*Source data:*
------------------------------------------------
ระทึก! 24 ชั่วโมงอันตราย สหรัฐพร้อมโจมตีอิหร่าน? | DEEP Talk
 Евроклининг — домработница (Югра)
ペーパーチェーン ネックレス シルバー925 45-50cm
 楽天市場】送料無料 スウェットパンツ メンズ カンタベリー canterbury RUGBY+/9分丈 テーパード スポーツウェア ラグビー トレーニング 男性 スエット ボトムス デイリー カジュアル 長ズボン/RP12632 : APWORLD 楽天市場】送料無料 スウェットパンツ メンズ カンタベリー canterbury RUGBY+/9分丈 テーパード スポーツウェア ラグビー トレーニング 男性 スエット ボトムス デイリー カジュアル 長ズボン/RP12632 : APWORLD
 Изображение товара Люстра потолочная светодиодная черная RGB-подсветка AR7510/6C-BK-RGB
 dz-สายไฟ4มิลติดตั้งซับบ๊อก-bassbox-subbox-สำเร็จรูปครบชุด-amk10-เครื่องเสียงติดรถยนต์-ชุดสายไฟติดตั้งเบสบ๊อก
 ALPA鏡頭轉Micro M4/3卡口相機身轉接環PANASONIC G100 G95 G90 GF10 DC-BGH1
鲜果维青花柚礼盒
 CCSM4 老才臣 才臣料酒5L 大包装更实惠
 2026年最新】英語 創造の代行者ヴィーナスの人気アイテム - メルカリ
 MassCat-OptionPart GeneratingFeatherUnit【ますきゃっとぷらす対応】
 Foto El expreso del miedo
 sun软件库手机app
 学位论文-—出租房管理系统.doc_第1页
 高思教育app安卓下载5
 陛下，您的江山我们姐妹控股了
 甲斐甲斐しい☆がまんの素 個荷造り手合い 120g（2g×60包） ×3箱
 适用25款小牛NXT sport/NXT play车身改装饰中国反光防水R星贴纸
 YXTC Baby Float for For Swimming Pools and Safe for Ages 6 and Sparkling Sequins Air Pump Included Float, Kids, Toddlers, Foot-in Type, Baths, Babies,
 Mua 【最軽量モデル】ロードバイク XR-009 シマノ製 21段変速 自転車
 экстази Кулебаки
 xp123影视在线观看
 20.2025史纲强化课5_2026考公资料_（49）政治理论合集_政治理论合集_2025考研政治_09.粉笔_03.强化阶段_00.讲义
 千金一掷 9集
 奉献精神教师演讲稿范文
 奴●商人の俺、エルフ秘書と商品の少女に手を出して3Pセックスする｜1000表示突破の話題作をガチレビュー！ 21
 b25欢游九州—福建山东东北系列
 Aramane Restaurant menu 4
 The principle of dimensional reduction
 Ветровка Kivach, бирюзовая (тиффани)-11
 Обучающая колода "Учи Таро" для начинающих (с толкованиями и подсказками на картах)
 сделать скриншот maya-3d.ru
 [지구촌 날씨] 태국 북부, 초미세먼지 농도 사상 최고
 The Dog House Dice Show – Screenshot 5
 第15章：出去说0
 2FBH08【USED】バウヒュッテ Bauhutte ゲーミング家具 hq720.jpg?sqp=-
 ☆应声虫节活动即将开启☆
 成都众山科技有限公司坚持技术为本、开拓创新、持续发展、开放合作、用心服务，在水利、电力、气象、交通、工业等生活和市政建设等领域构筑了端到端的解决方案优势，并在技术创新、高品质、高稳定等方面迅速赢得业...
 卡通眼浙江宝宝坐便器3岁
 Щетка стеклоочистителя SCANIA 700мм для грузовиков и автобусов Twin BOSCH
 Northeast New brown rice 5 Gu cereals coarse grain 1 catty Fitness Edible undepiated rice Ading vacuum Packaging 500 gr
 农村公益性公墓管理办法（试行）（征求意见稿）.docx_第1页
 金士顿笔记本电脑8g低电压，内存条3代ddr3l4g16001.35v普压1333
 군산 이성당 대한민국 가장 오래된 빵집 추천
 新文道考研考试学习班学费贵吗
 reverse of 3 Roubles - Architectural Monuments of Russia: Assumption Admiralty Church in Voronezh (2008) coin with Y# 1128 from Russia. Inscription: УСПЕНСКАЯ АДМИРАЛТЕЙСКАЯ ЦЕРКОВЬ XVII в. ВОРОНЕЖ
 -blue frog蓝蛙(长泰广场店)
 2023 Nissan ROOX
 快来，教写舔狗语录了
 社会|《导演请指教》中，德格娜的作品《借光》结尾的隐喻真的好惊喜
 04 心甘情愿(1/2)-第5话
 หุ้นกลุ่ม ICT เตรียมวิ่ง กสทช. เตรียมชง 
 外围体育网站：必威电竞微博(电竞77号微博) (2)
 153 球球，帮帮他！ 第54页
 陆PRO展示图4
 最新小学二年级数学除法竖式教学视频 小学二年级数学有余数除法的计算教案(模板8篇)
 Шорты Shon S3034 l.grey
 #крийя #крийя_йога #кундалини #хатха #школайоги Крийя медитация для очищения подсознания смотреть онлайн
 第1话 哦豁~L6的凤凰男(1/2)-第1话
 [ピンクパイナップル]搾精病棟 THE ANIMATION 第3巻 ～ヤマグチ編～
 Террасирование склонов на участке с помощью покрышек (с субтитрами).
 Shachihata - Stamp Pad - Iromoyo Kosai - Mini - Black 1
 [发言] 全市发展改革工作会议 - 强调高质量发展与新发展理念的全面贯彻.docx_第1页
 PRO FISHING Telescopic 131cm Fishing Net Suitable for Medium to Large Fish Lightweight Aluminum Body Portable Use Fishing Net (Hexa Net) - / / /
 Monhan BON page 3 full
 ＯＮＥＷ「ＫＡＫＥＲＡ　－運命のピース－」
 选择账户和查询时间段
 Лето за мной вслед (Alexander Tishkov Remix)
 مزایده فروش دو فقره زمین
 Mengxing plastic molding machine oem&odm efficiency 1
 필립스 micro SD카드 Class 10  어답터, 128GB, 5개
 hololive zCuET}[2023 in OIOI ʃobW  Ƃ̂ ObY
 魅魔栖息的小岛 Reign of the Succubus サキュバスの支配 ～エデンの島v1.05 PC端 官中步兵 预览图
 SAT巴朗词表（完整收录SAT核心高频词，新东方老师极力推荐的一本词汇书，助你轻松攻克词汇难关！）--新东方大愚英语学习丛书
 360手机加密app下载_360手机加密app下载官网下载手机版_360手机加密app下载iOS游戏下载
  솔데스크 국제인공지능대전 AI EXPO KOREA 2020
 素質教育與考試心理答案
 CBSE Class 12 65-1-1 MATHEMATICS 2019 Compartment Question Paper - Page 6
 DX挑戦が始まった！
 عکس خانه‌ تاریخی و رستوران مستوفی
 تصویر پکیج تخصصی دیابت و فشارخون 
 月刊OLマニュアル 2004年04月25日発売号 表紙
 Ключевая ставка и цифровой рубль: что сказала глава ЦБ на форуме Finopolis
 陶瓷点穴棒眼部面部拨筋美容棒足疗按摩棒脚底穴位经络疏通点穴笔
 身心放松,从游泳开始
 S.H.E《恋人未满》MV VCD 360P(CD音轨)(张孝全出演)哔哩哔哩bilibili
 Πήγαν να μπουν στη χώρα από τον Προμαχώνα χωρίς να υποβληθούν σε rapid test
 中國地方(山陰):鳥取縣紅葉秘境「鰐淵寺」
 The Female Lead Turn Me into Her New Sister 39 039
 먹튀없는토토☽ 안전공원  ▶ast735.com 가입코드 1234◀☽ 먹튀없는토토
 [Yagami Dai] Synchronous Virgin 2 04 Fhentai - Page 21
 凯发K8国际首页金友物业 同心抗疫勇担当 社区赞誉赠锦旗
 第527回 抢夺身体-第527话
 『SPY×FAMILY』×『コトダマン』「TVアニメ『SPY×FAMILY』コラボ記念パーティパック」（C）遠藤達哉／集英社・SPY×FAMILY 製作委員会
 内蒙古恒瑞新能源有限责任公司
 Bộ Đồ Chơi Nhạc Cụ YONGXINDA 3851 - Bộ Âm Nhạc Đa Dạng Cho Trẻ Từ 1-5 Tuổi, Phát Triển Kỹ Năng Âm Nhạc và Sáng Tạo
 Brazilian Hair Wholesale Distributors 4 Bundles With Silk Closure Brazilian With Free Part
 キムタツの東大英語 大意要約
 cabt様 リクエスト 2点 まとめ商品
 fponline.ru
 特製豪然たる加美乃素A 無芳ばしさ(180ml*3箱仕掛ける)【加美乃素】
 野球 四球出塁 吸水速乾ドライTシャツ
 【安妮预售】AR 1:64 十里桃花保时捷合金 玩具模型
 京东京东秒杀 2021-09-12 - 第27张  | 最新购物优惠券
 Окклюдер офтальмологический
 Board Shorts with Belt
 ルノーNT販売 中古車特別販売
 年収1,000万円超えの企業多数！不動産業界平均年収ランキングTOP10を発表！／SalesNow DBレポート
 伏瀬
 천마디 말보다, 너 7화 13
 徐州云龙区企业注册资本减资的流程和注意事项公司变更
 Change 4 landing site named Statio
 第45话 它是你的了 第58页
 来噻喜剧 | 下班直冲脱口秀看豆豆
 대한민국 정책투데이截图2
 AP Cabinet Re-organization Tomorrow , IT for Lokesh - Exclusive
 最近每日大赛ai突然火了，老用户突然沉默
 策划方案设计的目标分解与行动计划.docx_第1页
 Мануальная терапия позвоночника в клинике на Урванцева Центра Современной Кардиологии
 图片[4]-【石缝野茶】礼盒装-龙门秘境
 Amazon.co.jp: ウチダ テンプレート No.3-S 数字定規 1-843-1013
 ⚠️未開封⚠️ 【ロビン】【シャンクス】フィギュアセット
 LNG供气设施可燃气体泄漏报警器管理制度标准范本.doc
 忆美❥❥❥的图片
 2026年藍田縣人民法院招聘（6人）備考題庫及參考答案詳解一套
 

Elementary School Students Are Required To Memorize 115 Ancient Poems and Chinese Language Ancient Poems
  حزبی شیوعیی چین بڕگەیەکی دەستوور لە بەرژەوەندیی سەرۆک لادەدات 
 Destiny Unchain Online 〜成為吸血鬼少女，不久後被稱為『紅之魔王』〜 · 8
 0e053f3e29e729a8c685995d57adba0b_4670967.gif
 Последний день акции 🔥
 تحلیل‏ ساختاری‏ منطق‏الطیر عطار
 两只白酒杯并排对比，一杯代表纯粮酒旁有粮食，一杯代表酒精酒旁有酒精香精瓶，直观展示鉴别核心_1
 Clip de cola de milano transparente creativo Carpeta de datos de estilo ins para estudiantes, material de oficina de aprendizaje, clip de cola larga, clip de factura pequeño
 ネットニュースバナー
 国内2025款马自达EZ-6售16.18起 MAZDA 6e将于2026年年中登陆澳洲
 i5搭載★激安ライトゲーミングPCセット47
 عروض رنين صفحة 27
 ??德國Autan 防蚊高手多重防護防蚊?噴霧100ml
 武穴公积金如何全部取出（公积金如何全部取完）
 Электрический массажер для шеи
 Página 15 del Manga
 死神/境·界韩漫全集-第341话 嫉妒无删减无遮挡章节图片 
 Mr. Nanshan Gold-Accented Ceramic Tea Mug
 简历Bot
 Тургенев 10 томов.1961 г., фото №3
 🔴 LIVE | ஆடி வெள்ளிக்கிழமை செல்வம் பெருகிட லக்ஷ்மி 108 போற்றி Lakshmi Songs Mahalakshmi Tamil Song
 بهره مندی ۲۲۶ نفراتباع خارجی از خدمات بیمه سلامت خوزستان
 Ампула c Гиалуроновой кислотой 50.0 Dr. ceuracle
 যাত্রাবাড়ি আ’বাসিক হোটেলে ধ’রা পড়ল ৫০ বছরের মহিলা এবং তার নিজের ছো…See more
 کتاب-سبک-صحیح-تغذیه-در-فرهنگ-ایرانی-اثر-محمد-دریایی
------------------------------------------------
*Your instructions:*
Set down exactly the lines that begin the records and continue through the line bearing "适用25款小牛NXT sport/NXT play车身改装饰中国反光防水R星贴纸"; include both ends.

*Reply:*
ระทึก! 24 ชั่วโมงอันตราย สหรัฐพร้อมโจมตีอิหร่าน? | DEEP Talk
 Евроклининг — домработница (Югра)
ペーパーチェーン ネックレス シルバー925 45-50cm
 楽天市場】送料無料 スウェットパンツ メンズ カンタベリー canterbury RUGBY+/9分丈 テーパード スポーツウェア ラグビー トレーニング 男性 スエット ボトムス デイリー カジュアル 長ズボン/RP12632 : APWORLD 楽天市場】送料無料 スウェットパンツ メンズ カンタベリー canterbury RUGBY+/9分丈 テーパード スポーツウェア ラグビー トレーニング 男性 スエット ボトムス デイリー カジュアル 長ズボン/RP12632 : APWORLD
 Изображение товара Люстра потолочная светодиодная черная RGB-подсветка AR7510/6C-BK-RGB
 dz-สายไฟ4มิลติดตั้งซับบ๊อก-bassbox-subbox-สำเร็จรูปครบชุด-amk10-เครื่องเสียงติดรถยนต์-ชุดสายไฟติดตั้งเบสบ๊อก
 ALPA鏡頭轉Micro M4/3卡口相機身轉接環PANASONIC G100 G95 G90 GF10 DC-BGH1
鲜果维青花柚礼盒
 CCSM4 老才臣 才臣料酒5L 大包装更实惠
 2026年最新】英語 創造の代行者ヴィーナスの人気アイテム - メルカリ
 MassCat-OptionPart GeneratingFeatherUnit【ますきゃっとぷらす対応】
 Foto El expreso del miedo
 sun软件库手机app
 学位论文-—出租房管理系统.doc_第1页
 高思教育app安卓下载5
 陛下，您的江山我们姐妹控股了
 甲斐甲斐しい☆がまんの素 個荷造り手合い 120g（2g×60包） ×3箱
 适用25款小牛NXT sport/NXT play车身改装饰中国反光防水R星贴纸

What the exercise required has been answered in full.